*WHAT IS REQUIRED*.
Pictures are to be left out. Return exactly the lines below from the one with "A picture of Waldrof salad." up to and including the one with "Wave Building: 16".
[TASK INPUTS — start]
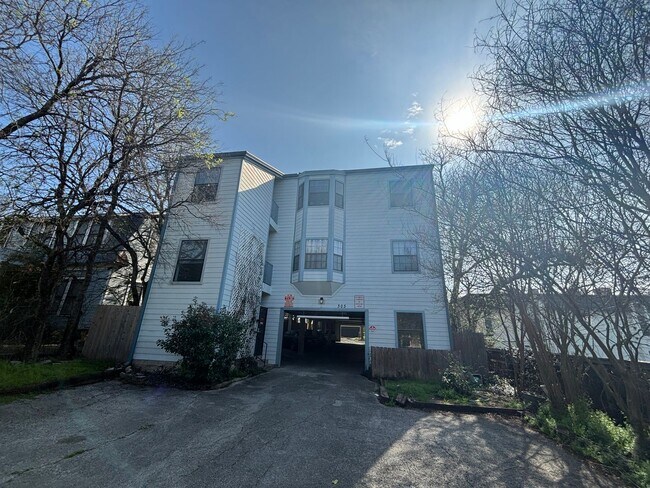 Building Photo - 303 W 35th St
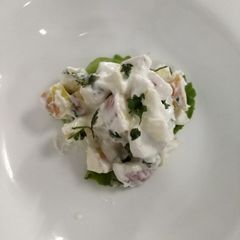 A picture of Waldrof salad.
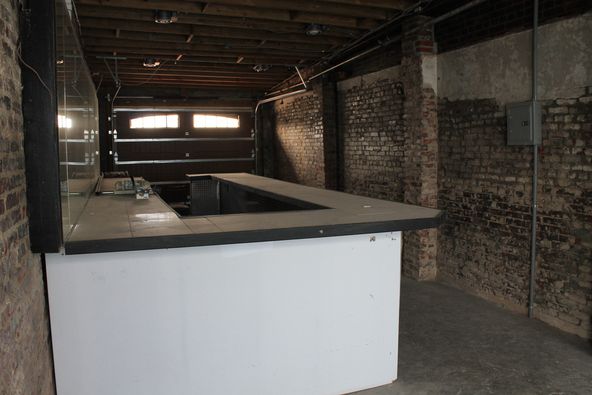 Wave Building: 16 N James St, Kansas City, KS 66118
[TASK INPUTS — finish]
[TASK INPUTS — start]
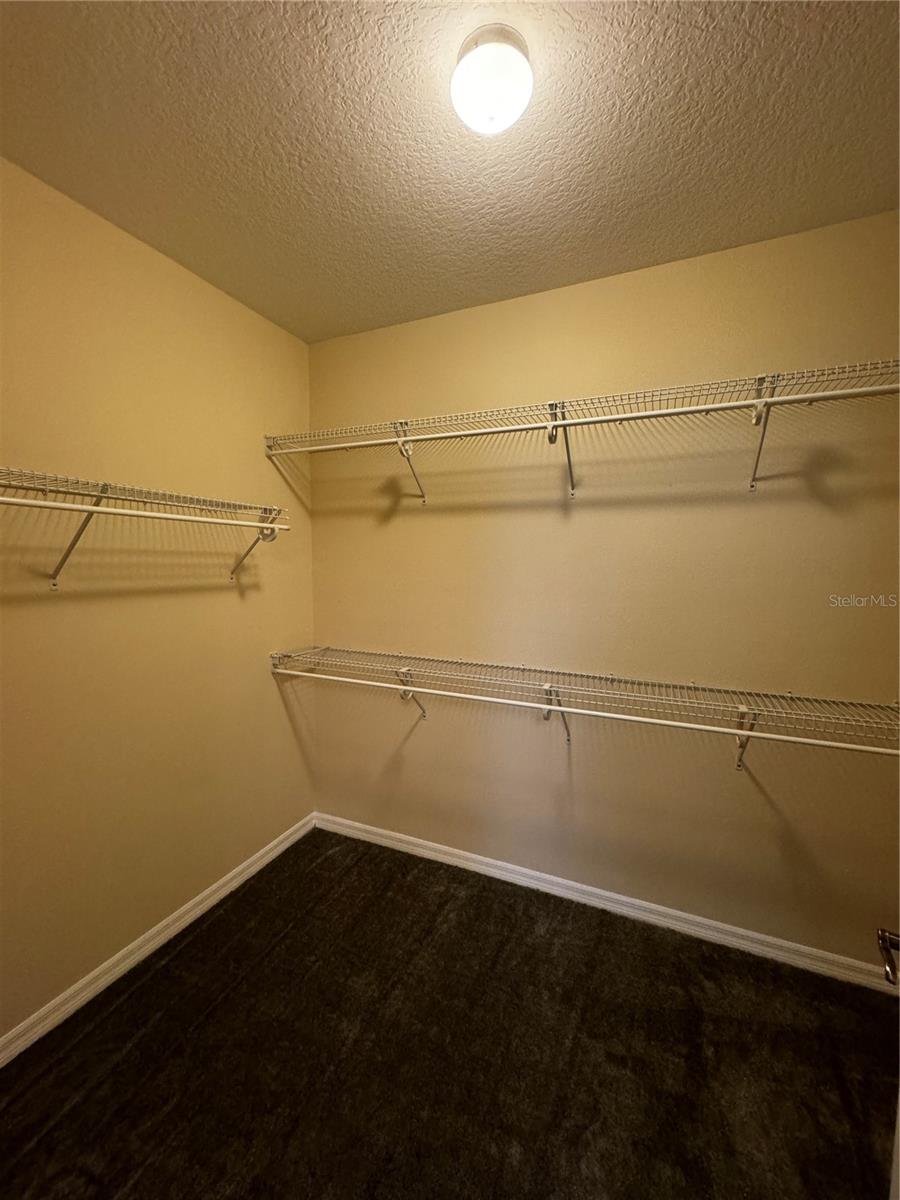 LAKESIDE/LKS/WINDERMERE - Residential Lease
[TASK INPUTS — finish]
*RESULT OF THIS TASK*.
 A picture of Waldrof salad.
 Wave Building: 16 N James St, Kansas City, KS 66118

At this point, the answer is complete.